Perfect, thank you so much Arvid, I'd expect more people using Beam on
top of Flink, but it seems is not so popular.

On Tue, 2020-05-19 at 12:46 +0200, Arvid Heise wrote:
> Hi Ivan,
>
> I'm fearing that only a few mailing list users have actually deeper
> Beam experience. I only used it briefly 3 years ago. Most users here
> are using Flink directly to avoid these kinds of double-abstraction
> issues.
>
> It might be better to switch to the Beam mailing list if you have
> Beam-specific questions including how the Flink runner actually
> translates the Beam program to Flink.
>
> On Tue, May 19, 2020 at 11:38 AM Ivan San Jose <
> isanj...@theworkshop.com> wrote:
> > Actually I'm also thinking about how Beam coders are related with
> > runner's serialization... I mean, on Beam you specify a coder per
> > each
> > Java type in order to Beam be able to serialize/deserialize that
> > type,
> > but then, is the runner used under the hood
> > serializing/deserializing
> > again the result, so that is doing a double serialization, does it
> > make
> > sense?
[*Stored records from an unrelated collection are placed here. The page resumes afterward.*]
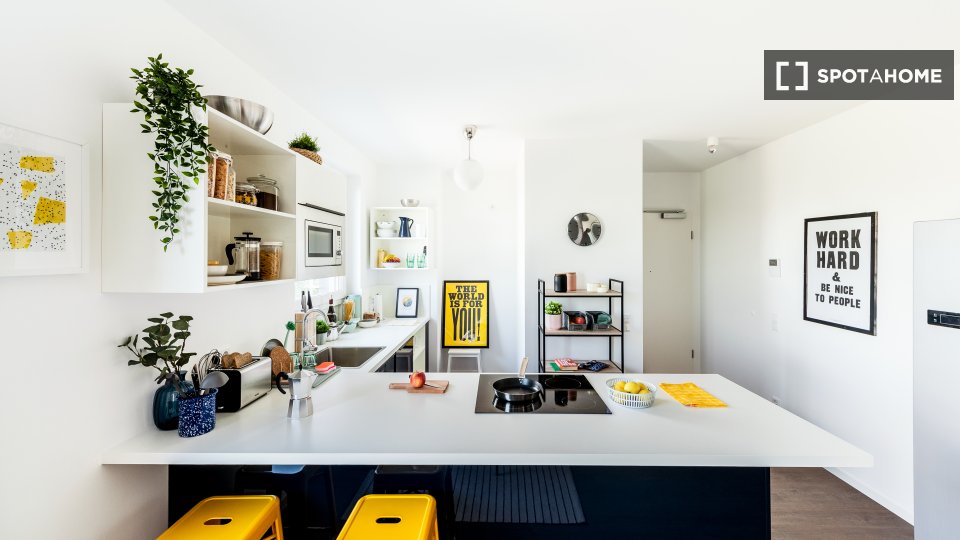 Room, Klara-Franke-Straße, Berlin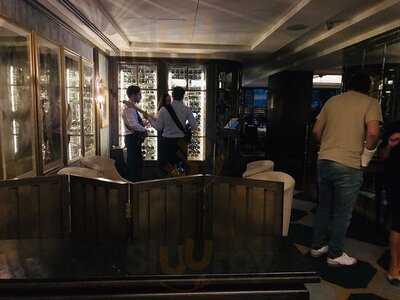 The Rib Room Bar & Restaurant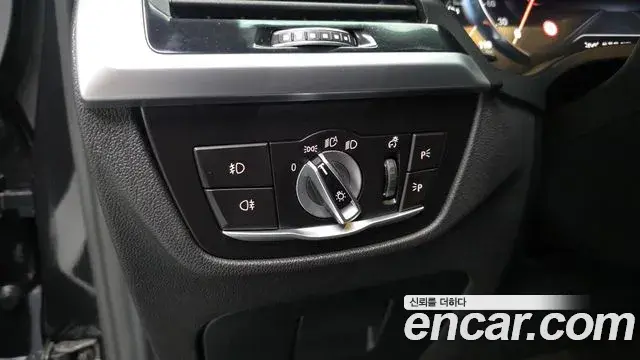 BMW X3 2018 — Şəkil 9/30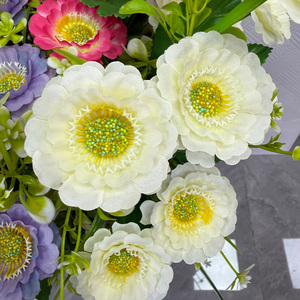 Fiori Artificiali Direttamente dalla Fabbrica, Ranuncoli in Tessuto Fatti a Mano, 5 Teste, Facilmente Riutilizzabili, Decorazione Casa, Natale, Personalizzabili - Product Image 3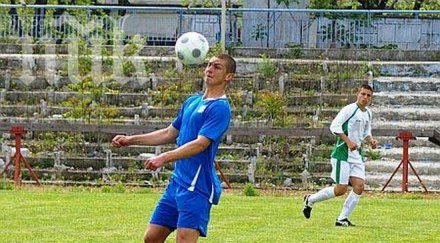 торино взе проби младежки национал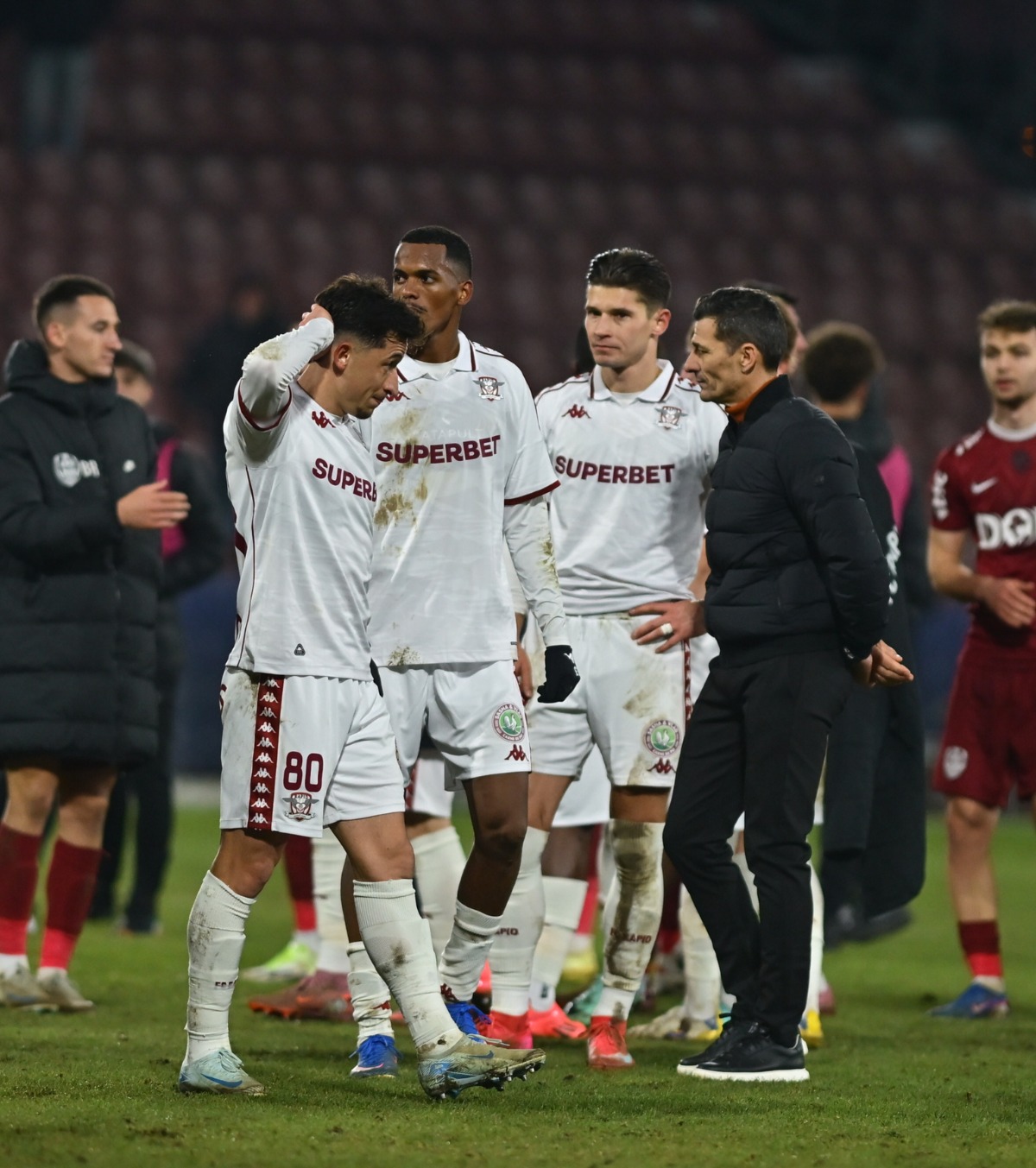 Fanii Rapid, furioși în Gruia VIDEO: Jucătorii lui Costel Gâlcă, puși la zid după eliminarea din Cupa României: „Rușine să vă fie!”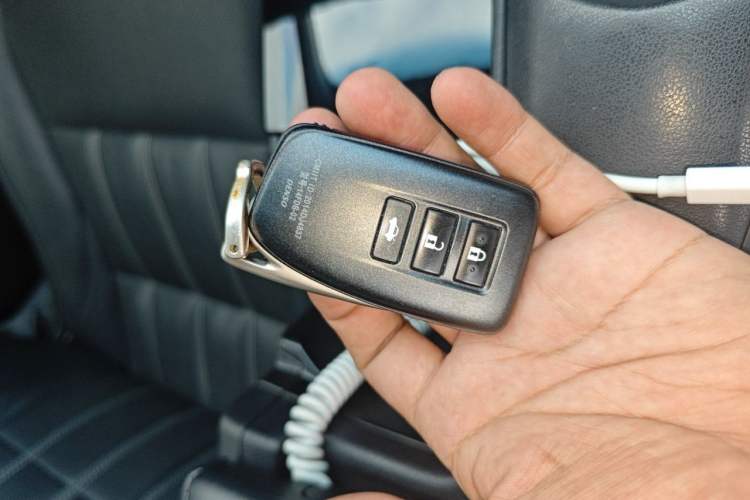 Used Lexus ES 2017 300h Mark Levinson Comfort Edition Vehicle Key
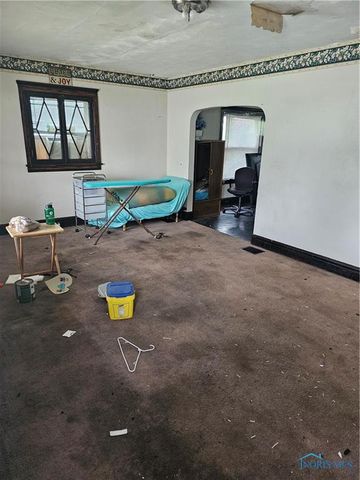 2465 Lawton Avenue, Toledo, OH 43620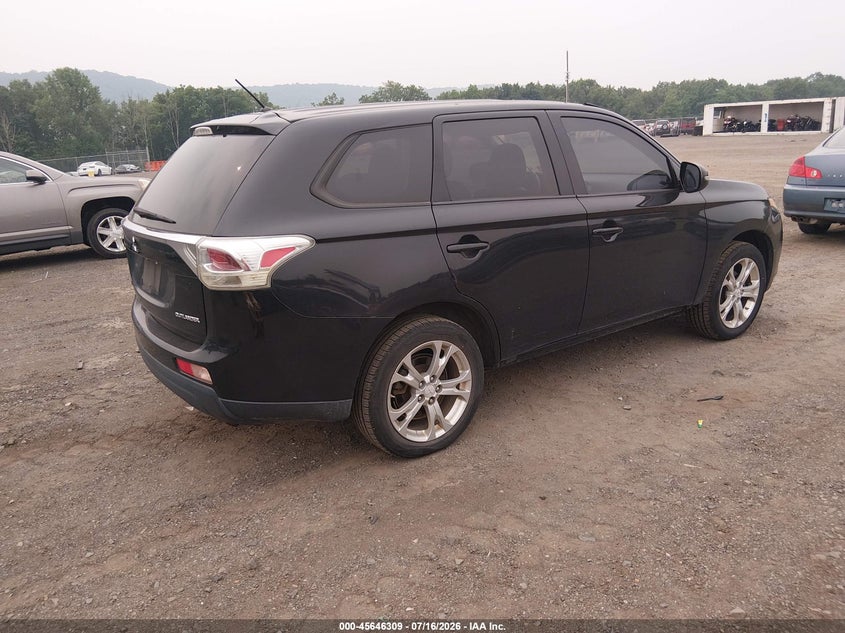 2014 Mitsubishi Outlander VIN JA4AD3A35EZ012239 IAAI salvage auction — NORMAL WEAR, Clear (New Jersey), sold $25 on 2026-07-30 (photo 4)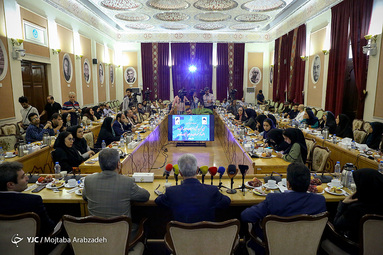 روز خبرنگار با وزیر علوم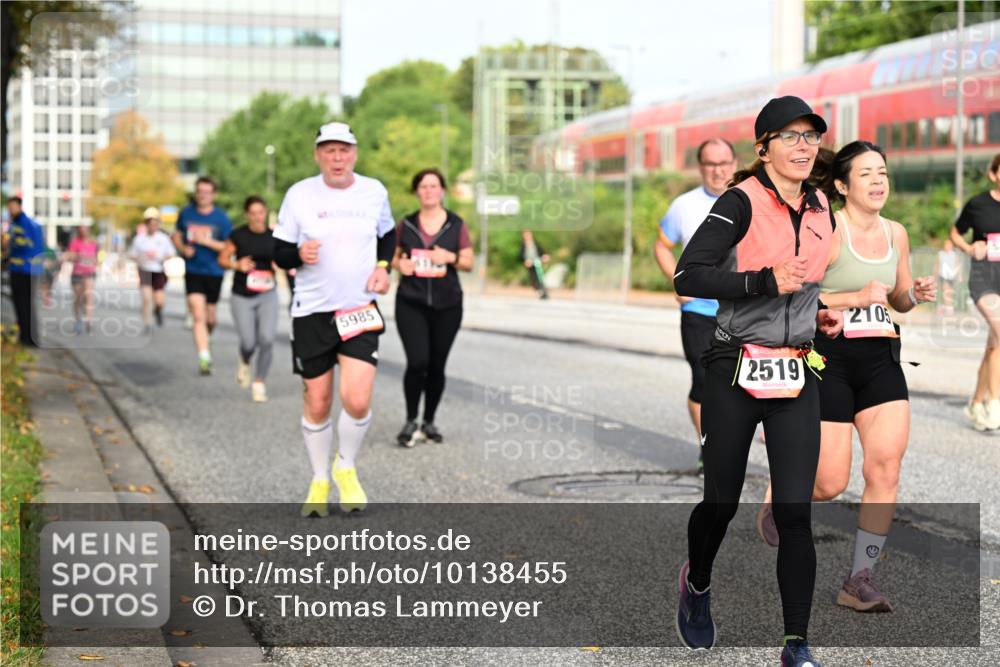 06.09.2026 - CURREX Alsterlauf Dr. Thomas Lammeyer http://msf.ph/oto/10138455 06.09.2026 10:04:48 Laufen 5985, 2519, 210 meine-sportfotos.de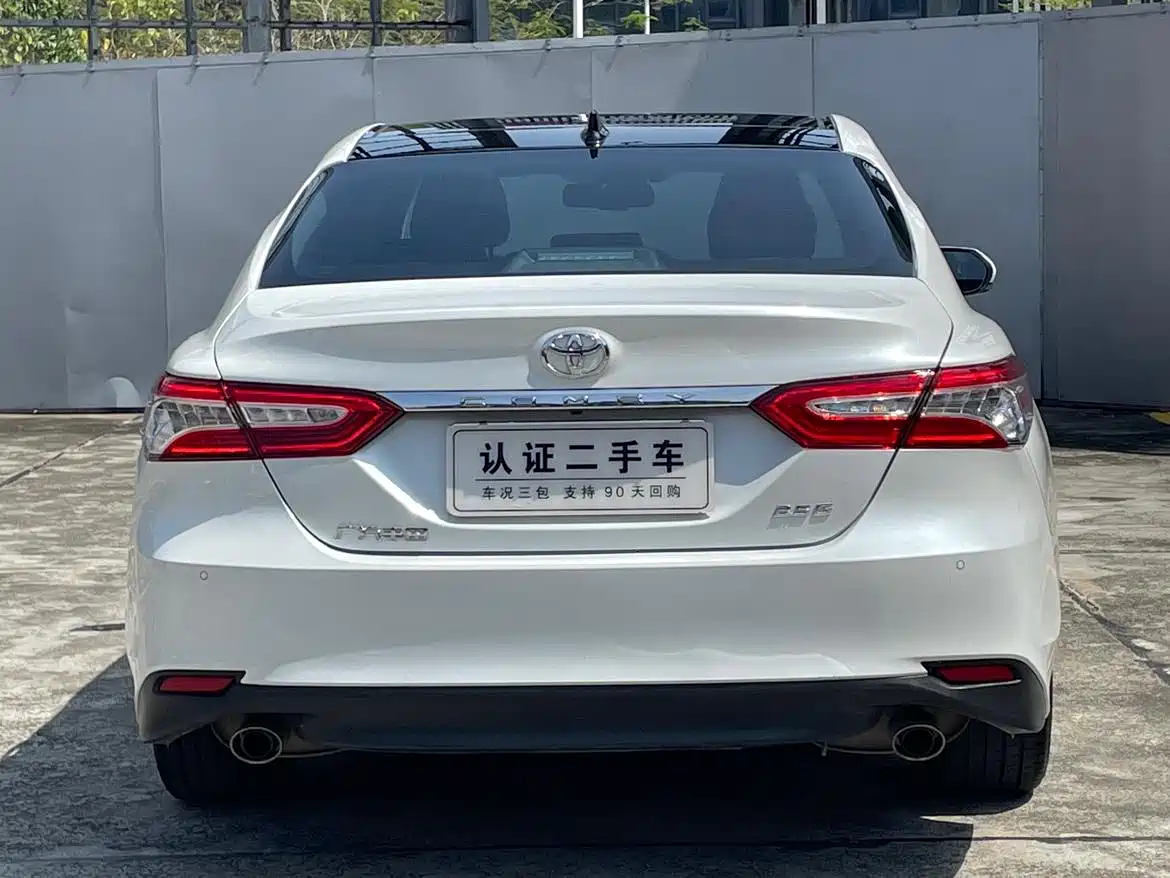 Toyota Camry 2023 2.5G Luxury Edition фото 10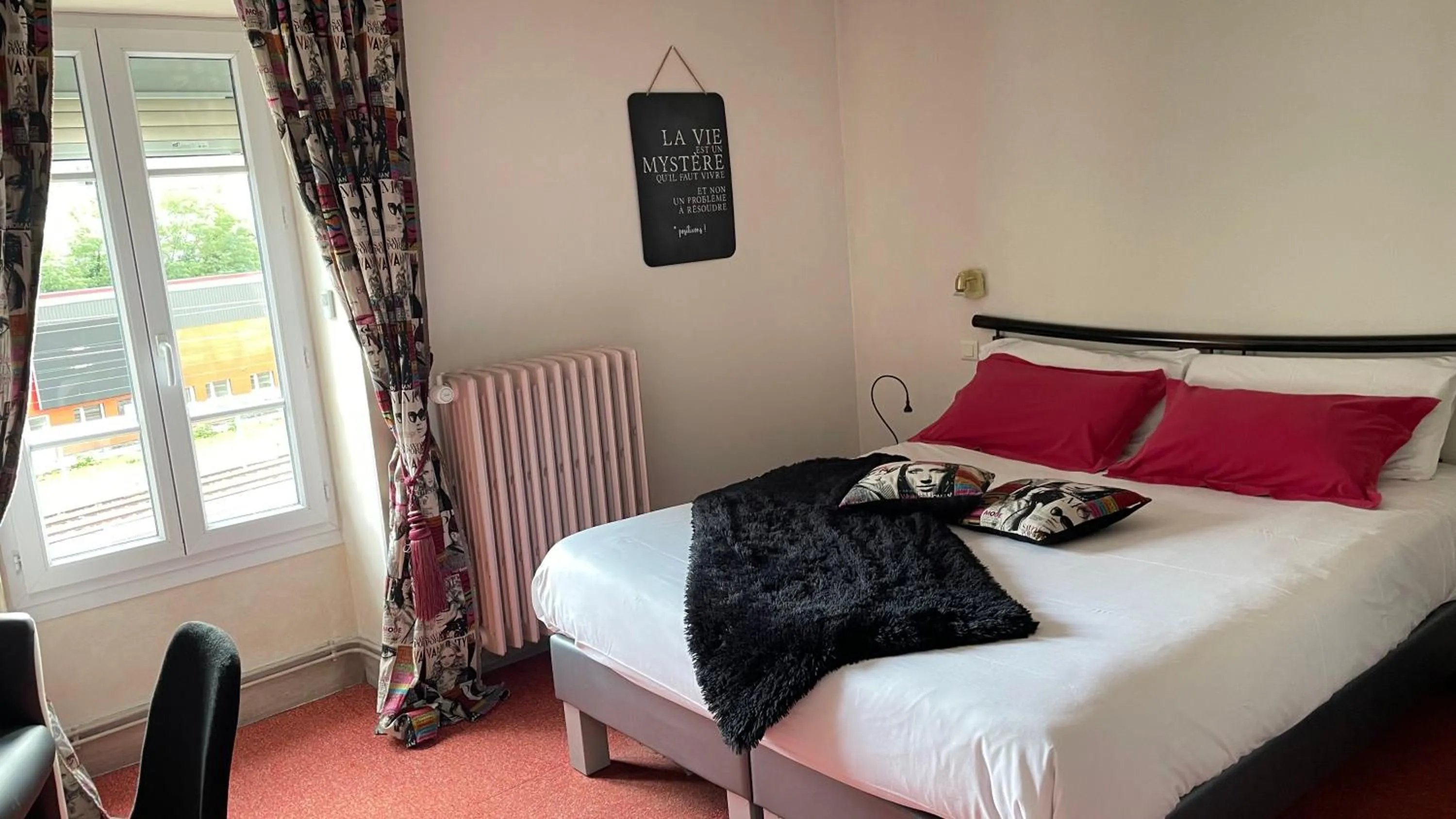 Bed in Hôtel Gambetta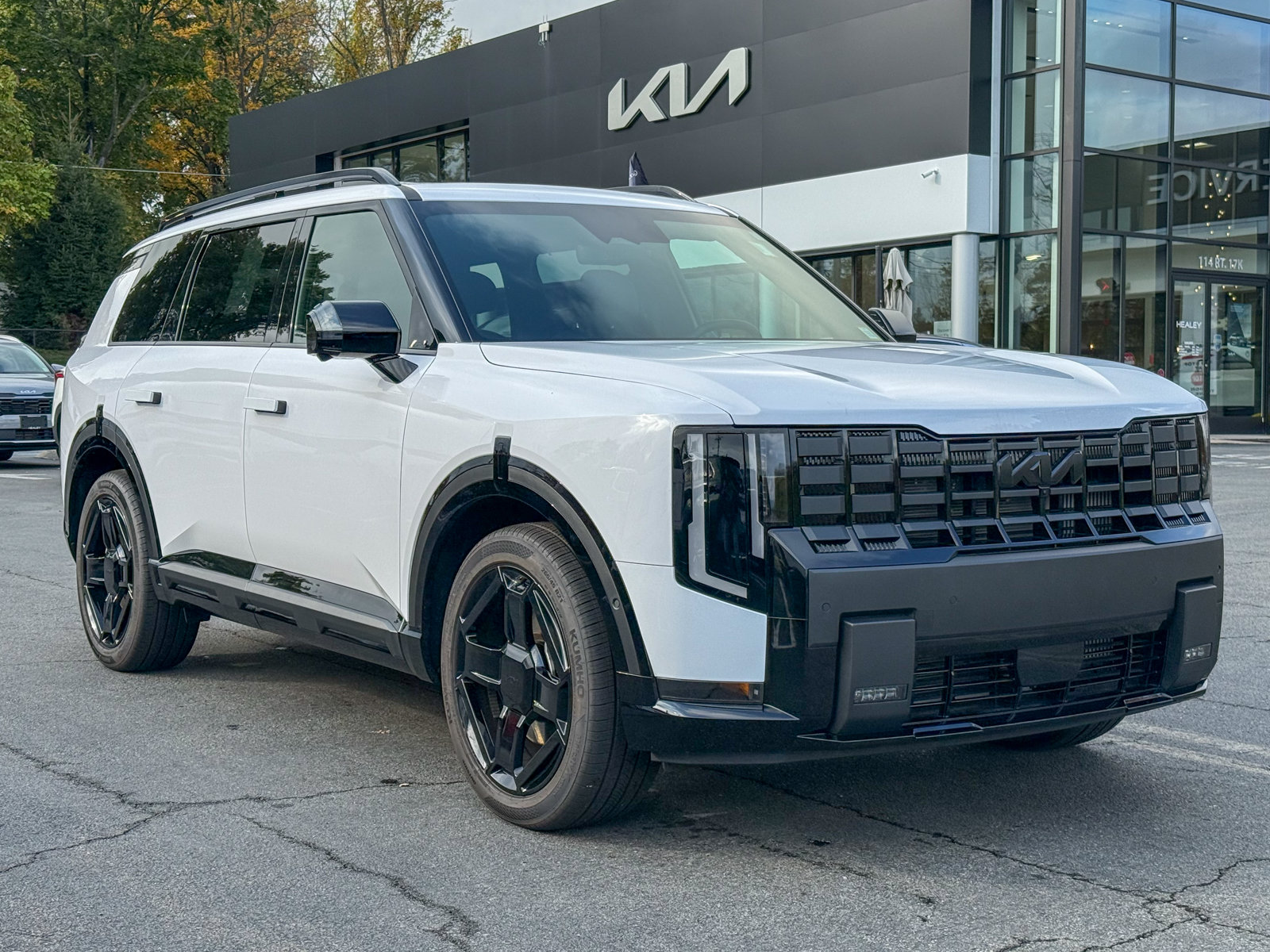 Photo view of 2027 Kia Telluride in White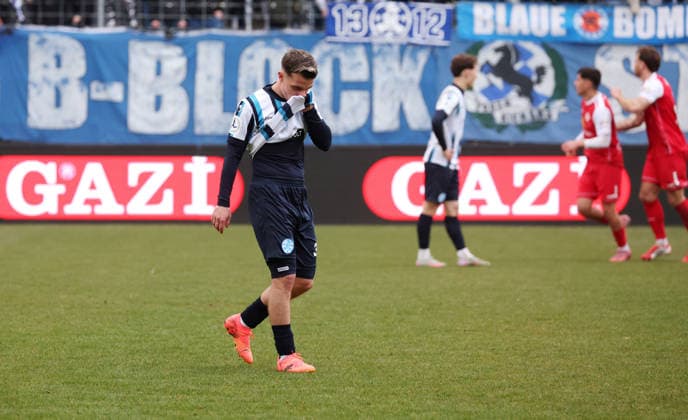 21 03 2026, Germany, Stuttgart, Soccer Regionalliga Südwest, SV Stuttgarter Kickers vs KSV Hessen Kassel, Christian Mauersberger Kickers disappointed
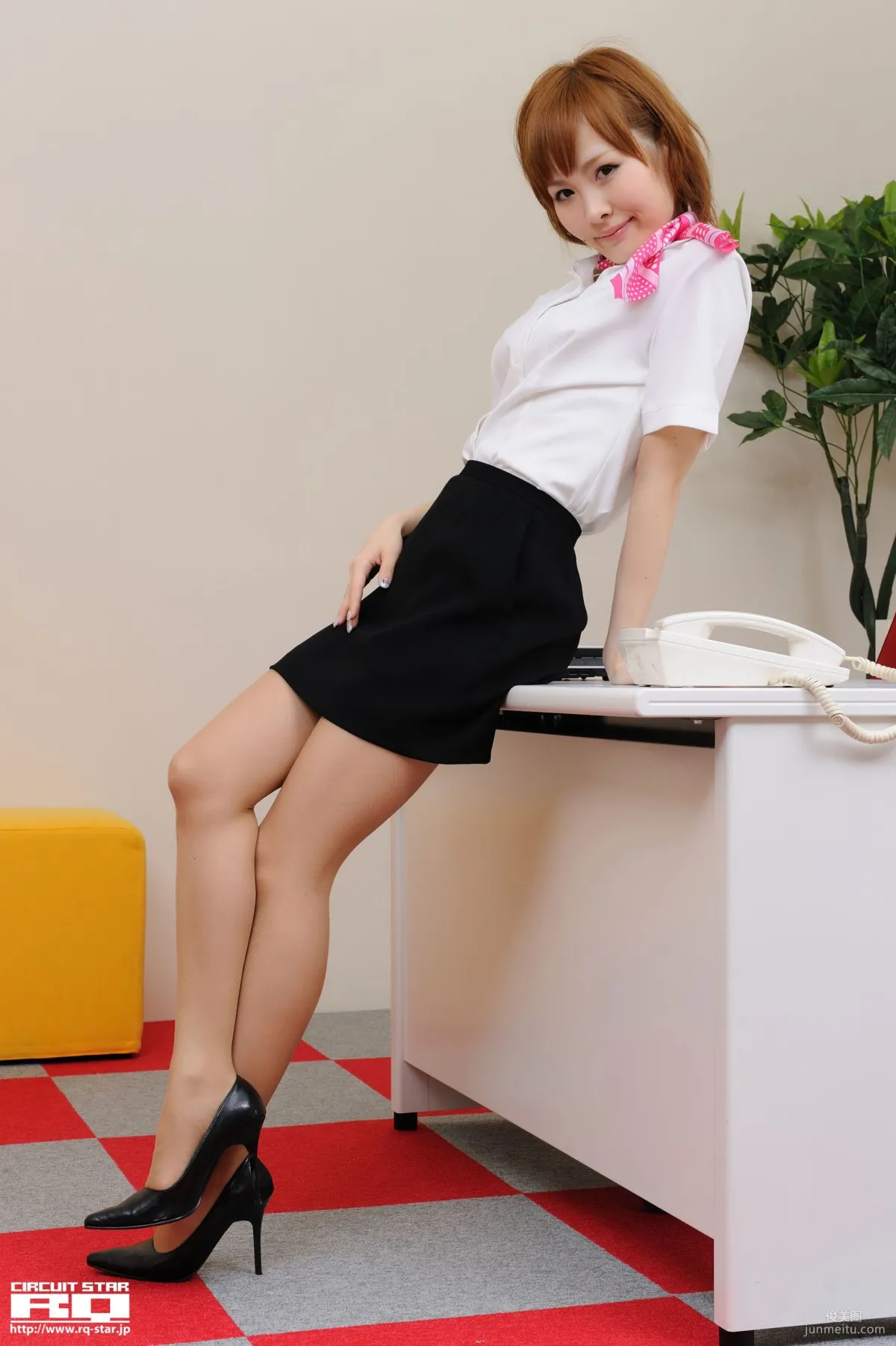 [RQ-STAR] NO.00484 倉持さゆ Office Lady 寫真集 2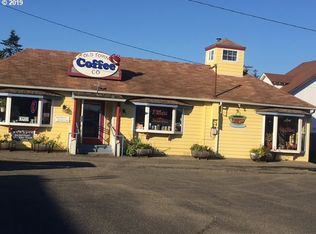 394 Oak St Florence Or 97439 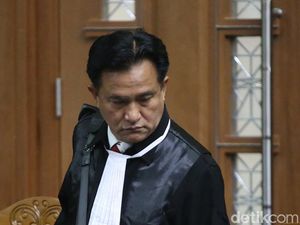 Yusril di Antara Jokowi dan HTI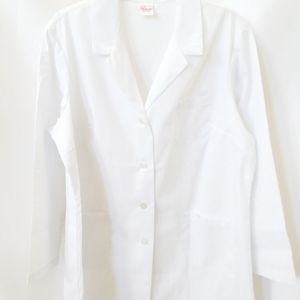 LAB COAT/SCRUBS/UNIFORM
Or how does it work?
> >
> > On Tue, 2020-05-19 at 08:54 +0000, Ivan San Jose wrote:
> > > Yep, sorry if I'm bothering you but I think I'm still not getting
> > > this,
> > > how could I tell Beam to tell Flink to use that serializer
> > instead of
> > > Java standard one, because I think Beam is abstracting us from
> > Flink
> > > checkpointing mechanism, so I'm afraid that if we use Flink API
> > > directly we might break other things that Beam is hidding for
> > us...
> > >
> > > On Tue, 2020-05-19 at 10:44 +0200, Arvid Heise wrote:
> > > > Hi Ivan,
> > > >
> > > > The easiest way is to use some implementation that's already
> > there
> > > > [1]. I already mentioned Avro and would strongly recommend
> > giving
> > > > it
> > > > a go. If you make sure to provide a default value for as many
> > > > fields
> > > > as possible, you can always remove them later giving you great
> > > > flexibility. I can give you more hints if you decide to go this
> > > > route.
> > > >
> > > > If you want to have a custom implementation, I'd start at
> > looking
> > > > of
> > > > one of the simpler implementations like MapSerializerSnapshot
> > [2].
> > > >
> > > > [1]
> > > >
> > https://ci.apache.org/projects/flink/flink-docs-master/api/java/org/apache/flink/api/common/typeutils/TypeSerializerSnapshot.html
> > > > (see known implementing classes).
> > > > [2]
> > > >
> > https://github.com/apache/flink/blob/master/flink-core/src/main/java/org/apache/flink/api/common/typeutils/base/MapSerializerSnapshot.java
> > > >
> > > > On Tue, May 19, 2020 at 10:31 AM Ivan San Jose <
> > > > isanj...@theworkshop.com> wrote:
> > > > > Thanks for your complete answer Arvid, we will try to
> > approach
> > > > > all
> > > > > things you mentioned, but take into account we are using Beam
> > on
> > > > > top of
> > > > > Flink, so, to be honest, I don't know how could we implement
> > the
> > > > > custom
> > > > > serialization thing (
> > > > >
> > https://ci.apache.org/projects/flink/flink-docs-release-1.10/dev/stream/state/custom_serialization.html#the-typeserializersnapshot-abstraction
> > > > > ) there. Could you please give us some hints? Thanks
> > > > >
> > > > > On Mon, 2020-05-18 at 12:41 +0200, Arvid Heise wrote:
> > > > > > Hi Ivan,
> > > > > >
> > > > > > First let's address the issue with idle partitions. The
> > > > > > solution
> > > > > is
> > > > > > to use a watermark assigner that also emits a watermark
> > with
> > > > > > some
> > > > > > idle timeout [1].
> > > > > >
> > > > > > Now the second question, on why Kafka commits are committed
> > for
> > > > > in-
> > > > > > flight, checkpointed data. The basic idea is that you are
> > not
> > > > > losing
> > > > > > data while avoiding replicated output.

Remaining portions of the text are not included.